- [TRY IT]:
Exact copies of the lines below, from the one with "Vorinclex, Monstrous Raider" up to and including the one with "Rebeca | Sandalias slide con plataforma", are what this calls for; leave out pictures.

- [RECORDS SUPPLIED]:
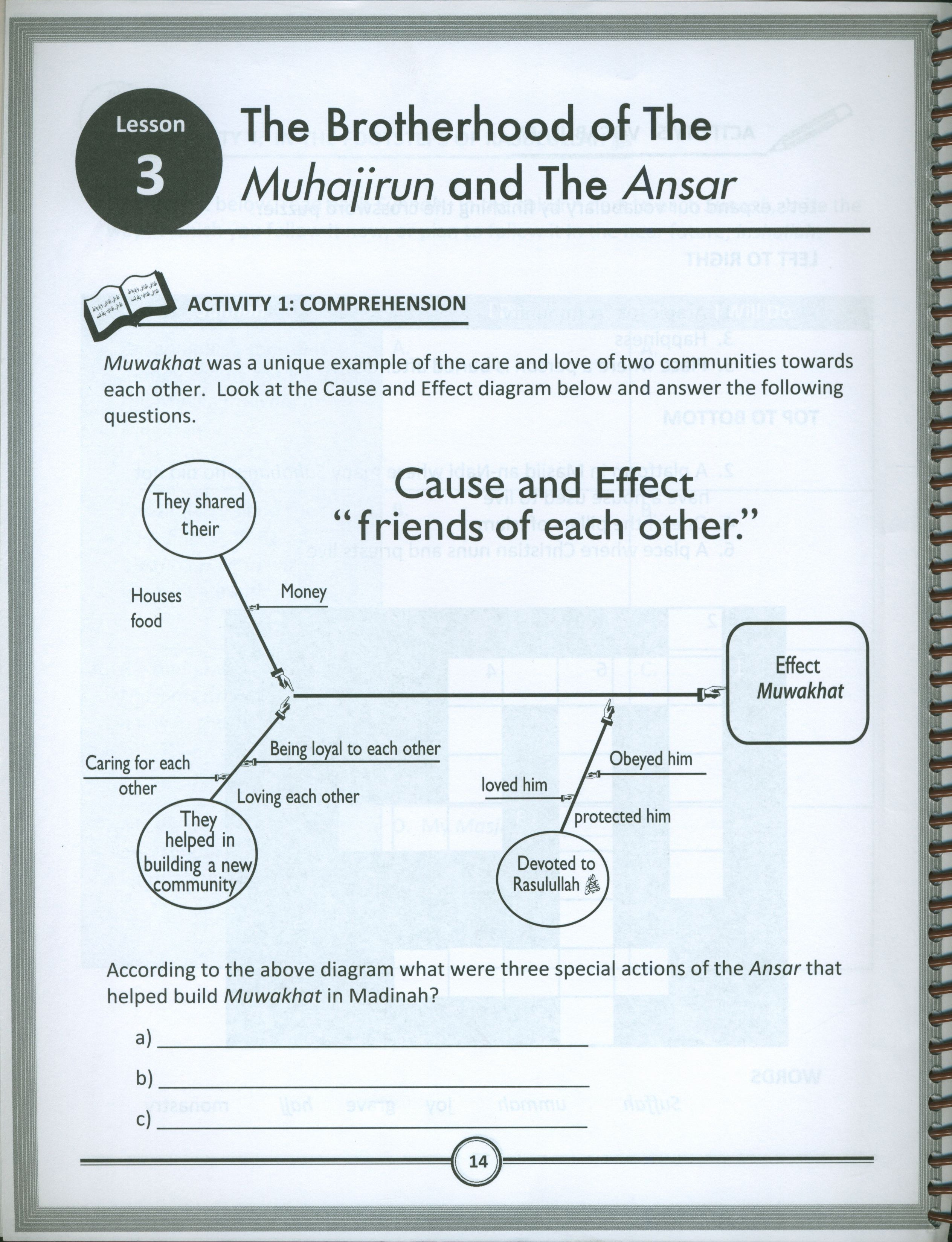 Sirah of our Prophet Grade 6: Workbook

==

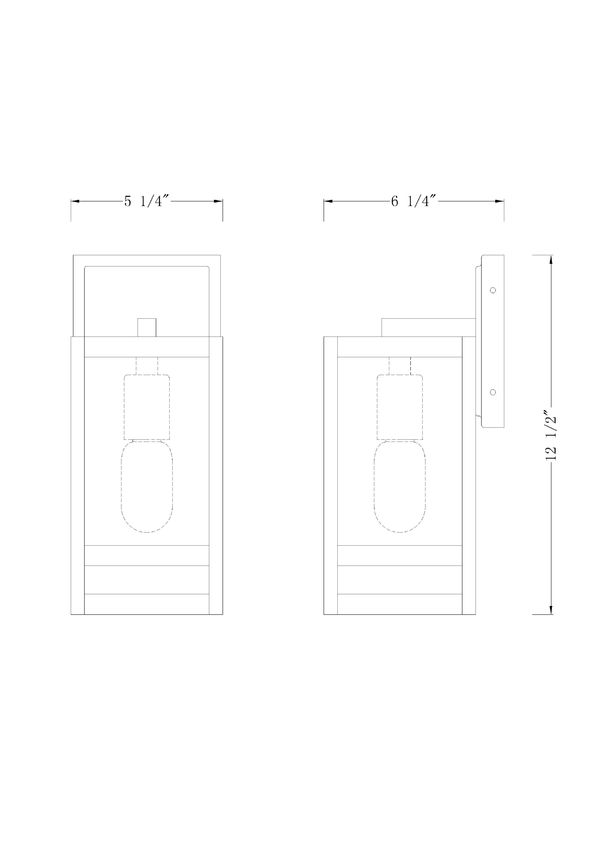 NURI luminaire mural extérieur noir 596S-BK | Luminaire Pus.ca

---

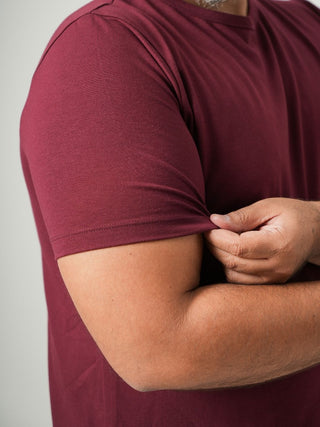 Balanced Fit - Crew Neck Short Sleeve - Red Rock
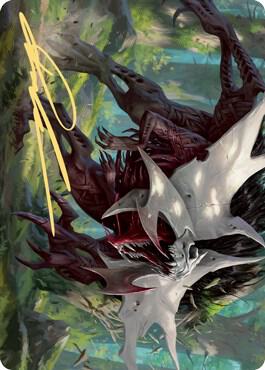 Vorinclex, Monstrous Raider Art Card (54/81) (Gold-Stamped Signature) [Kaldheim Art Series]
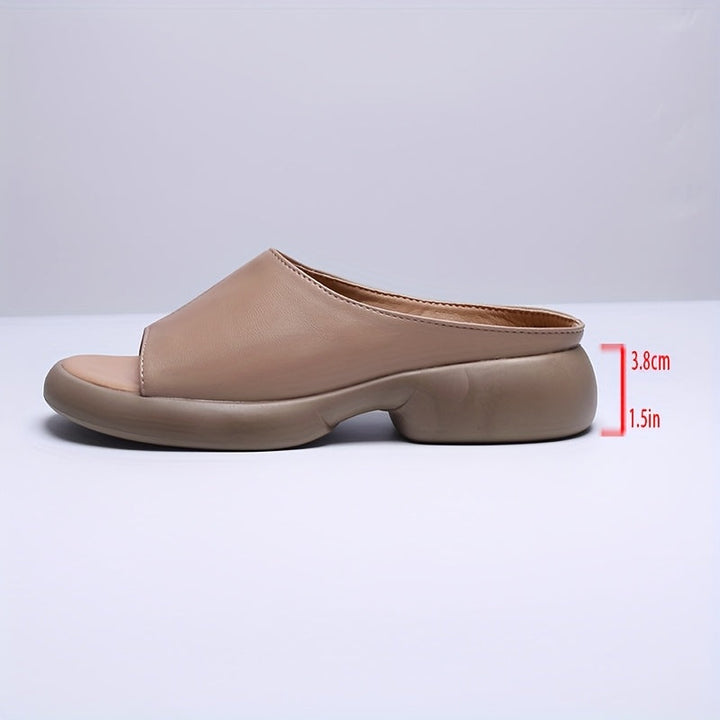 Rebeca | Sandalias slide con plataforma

- [RESULT FOR THIS TASK]:
 Vorinclex, Monstrous Raider Art Card (54/81) (Gold-Stamped Signature) [Kaldheim Art Series]
 Rebeca | Sandalias slide con plataforma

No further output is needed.